Step 3: Start building the Dataflow
Select Data from the left menu and then select dataflows. Select New dataflow to start building one:
Give your dataflow a name and then click Next.
Now, select the datasource, (which is SharePoint in this case).
Create a connection to the datasource. (In case of SharePoint, you need to enter the Site URL. You can use already created connections as well.)
Now select the table/list you want to add as part of this dataflow.
Select Transform Data.
Note: If you have created dataflow outside the solution, you can add it as an existing component and it will be ready to export.
Step 4: Transform Data. Add Conditions for attributes if applicable
If you do not wish to customize any column data, then you can directly select Next to map the fields and move to Step 5.
In this case, we want to update an option set type column and that's why we need to create an additional column.
There are a number of transformations you can perform on the data to make it appropriate before the field mapping.
1) Perform table level operations like duplicate detection, make first row as header etc.
2) Transform data on existing columns like concatenation, split, transpose etc.
3) Add a new column
In this case, we will create a conditional column to update option set.
Select Add column and then select Conditional column. Get the values from Checkpoint 2 and update them as per below image.
Note: The Subject column in SP list was a choice column so we will need to use SubjectValue to get the text.
Click OK and verify the newly added column and then select Next.
Checkpoint 3: The conditional column for option set.
Step 5: Field Mapping
Once all the columns are in place, they can be mapped to destination attributes as shown in the below image.

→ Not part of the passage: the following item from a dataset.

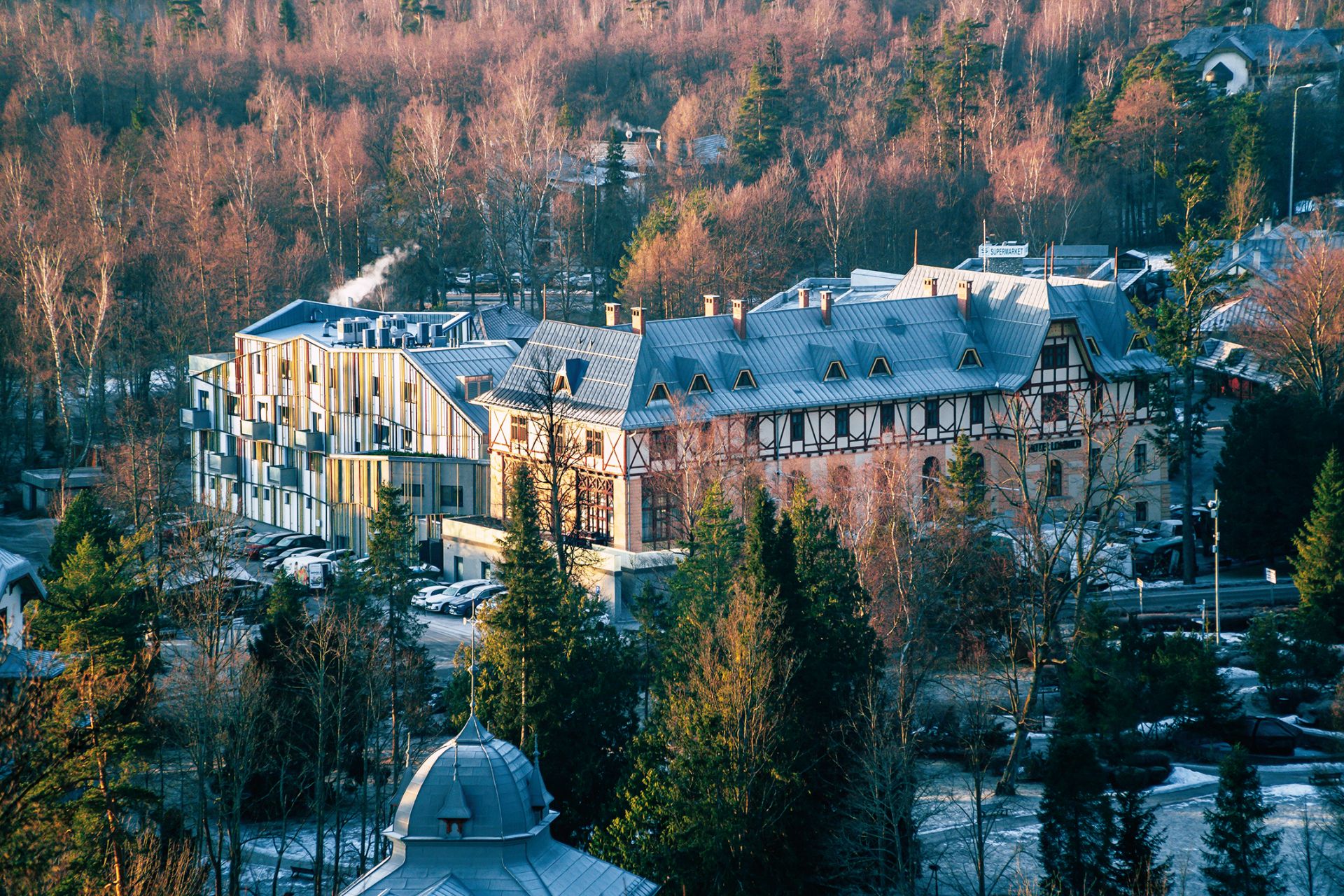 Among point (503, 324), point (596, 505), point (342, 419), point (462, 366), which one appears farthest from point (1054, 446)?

Note: You can also choose to create a new entity or add to an existing one.
1) Class is an SLT field on both SP and CDS entity.
2) Marks Obtained and Year are both Numbers on SP and CDS Entity.
3) Student is a text on SP list while a LookUp field on CDS entity and this is where we are able to select the values because of key we created in Checkpoint 1.
4) Subject is a choice field on SP and an Option-Set on CDS entity. This is configured through custom column created at CheckPoint 3: .
Step 6: Refresh Settings
There are two options to select from:
1) Refresh Manually -> This would require manual attention and will only be triggered when the dataflow is triggered manually.
2) Refresh on Schedule -> This would require us to provide a startdate and intervals on which the dataflow should be triggered.
Step 7: Error Handling
In case of any errors, you can select the dataflow and view run history. If the dataflow refresh failed, it will provide a detailed summary of the points at which the refresh failed.
You can open the refresh history by selecting the dataflow as shown in the below image and it will show you a history of executions till date.
Now, you can select and download error logs for individual runs. The error logs can be monitored to understand the failed executions and the reasons as shown in the image below.
As per the above image, the error highlights that it is unable to find the lookup records that it needs to map to the Students entity.
Once the dataflow run is successful, the data from the SP list is copied to CDS:
A dataflow can be included as a part of a solution and then exported.
In this post, we saw how you can build automated dataflows to copy and sync data from a SharePoint List to CDS. Similarly, dataflows can be created for other data sources like SQL, MS Access, MS Excel etc.